Marc Bloch n’est pas un inconnu. C’est l’un des plus grands historiens français du XXe siècle, cofondateur de la célèbre revue des Annales. Il a révolutionné sa discipline en la mêlant à l’anthropologie, à l’économie et à la sociologie. Mais il est aussi un soldat et un résistant. Engagé volontaire pendant la Première Guerre mondiale, il reprend les armes en 1939 à près de 53 ans.
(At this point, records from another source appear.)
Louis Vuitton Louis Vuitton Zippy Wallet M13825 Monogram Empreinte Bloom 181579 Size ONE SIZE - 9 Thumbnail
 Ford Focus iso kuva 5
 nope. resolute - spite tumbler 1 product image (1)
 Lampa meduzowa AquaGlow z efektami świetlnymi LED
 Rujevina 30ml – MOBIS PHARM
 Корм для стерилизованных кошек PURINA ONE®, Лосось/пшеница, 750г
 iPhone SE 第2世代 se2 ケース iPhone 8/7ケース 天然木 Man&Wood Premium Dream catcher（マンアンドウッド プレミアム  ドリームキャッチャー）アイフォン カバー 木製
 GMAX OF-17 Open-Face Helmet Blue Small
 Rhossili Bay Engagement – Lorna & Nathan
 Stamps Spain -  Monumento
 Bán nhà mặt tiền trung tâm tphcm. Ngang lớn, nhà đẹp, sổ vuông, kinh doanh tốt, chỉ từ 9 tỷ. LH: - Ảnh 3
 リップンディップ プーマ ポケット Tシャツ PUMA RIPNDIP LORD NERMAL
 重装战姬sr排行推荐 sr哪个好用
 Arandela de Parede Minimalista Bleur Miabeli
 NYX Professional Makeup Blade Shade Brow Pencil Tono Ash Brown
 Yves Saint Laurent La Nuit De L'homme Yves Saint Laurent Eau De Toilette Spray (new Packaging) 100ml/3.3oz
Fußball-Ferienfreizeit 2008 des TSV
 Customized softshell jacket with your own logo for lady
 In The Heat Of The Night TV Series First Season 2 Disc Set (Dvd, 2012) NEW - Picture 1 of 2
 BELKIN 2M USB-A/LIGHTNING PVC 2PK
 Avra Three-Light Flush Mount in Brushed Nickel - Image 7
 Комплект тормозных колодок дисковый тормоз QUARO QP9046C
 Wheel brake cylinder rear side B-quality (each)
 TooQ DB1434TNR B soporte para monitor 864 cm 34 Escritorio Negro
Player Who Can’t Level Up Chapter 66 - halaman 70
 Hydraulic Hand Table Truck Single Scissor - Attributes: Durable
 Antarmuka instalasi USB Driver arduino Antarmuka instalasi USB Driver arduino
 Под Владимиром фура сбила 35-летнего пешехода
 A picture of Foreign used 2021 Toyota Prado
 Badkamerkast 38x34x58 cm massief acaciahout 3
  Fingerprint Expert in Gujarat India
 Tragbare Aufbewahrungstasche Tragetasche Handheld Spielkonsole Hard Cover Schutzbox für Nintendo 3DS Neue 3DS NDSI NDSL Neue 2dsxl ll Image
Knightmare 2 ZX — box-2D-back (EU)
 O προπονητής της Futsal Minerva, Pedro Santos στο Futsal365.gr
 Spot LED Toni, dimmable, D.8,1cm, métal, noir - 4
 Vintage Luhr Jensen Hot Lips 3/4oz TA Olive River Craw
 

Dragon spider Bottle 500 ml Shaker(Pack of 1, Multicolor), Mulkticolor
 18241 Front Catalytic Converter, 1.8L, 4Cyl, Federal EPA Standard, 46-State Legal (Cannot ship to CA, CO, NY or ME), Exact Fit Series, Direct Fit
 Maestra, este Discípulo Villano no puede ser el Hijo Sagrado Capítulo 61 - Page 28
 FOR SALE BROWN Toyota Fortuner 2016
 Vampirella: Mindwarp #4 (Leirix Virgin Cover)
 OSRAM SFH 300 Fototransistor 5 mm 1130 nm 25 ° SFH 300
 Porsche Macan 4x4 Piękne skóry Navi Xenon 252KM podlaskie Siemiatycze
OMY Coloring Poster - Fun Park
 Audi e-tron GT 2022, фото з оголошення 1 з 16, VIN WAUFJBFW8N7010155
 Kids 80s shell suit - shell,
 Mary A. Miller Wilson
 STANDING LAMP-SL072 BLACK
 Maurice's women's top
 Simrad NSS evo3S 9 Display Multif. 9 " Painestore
Après l’armistice de 1940, il rejoint la clandestinité à Lyon sous le faux nom de Narbonne. Arrêté par la Gestapo en mars 1944, il est torturé puis exécuté le 16 juin 1944, criant « Vive la France » avant de tomber.

La cérémonie de panthéonisation se déroule en soirée, place du Panthéon à Paris. Le président Emmanuel Macron prononce un discours après la lecture d’extraits du testament spirituel de Marc Bloch. Les cercueils de l’historien et de son épouse Simonne Vidal remontent la rue Soufflot, portés par des soldats. Mais attention, ces cercueils sont vides. La famille a souhaité que le corps de Marc Bloch reste dans un cimetière de la Creuse, où il repose depuis 1944. Celui de Simonne, morte sous un faux nom en juillet 1944, n’a jamais été retrouvé. Les cercueils contiennent des objets symboliques : médailles, lettres, photos et le fameux testament.

Pour Emmanuel Macron, cette panthéonisation est un message politique fort. Il voit en Marc Bloch un « témoin du désastre de 1940 » et un avertissement contre ce qu’il appelle la « volonté française émoussée, endormie, amollie ». L’historien avait écrit « L’Étrange Défaite », un livre où il analyse la débâcle de l’armée française face à l’Allemagne nazie. Un texte qui résonne encore aujourd’hui, selon le président, face aux menaces de révisionnisme et de repli identitaire. La famille de Marc Bloch a d’ailleurs demandé que l’extrême droite soit exclue de la cérémonie, rappelant l’engagement « profondément antinationaliste » de l’historien. Marine Le Pen a décliné l’invitation.

Derrière l’hommage officiel, c’est toute une conception de l’histoire et de l’engagement qui est célébrée. Marc Bloch n’était pas un intellectuel encarté dans un parti. Il refusait les étiquettes. Il était juif mais athée, et sa famille s’est opposée à toute « récupération communautaire ». Pour lui, la République était la seule foi. Patrick Boucheron, historien, résume : « Il représente la rencontre entre le courage et la modération. » Un équilibre rare qui fait de lui une figure toujours actuelle, capable de parler aux générations d’aujourd’hui.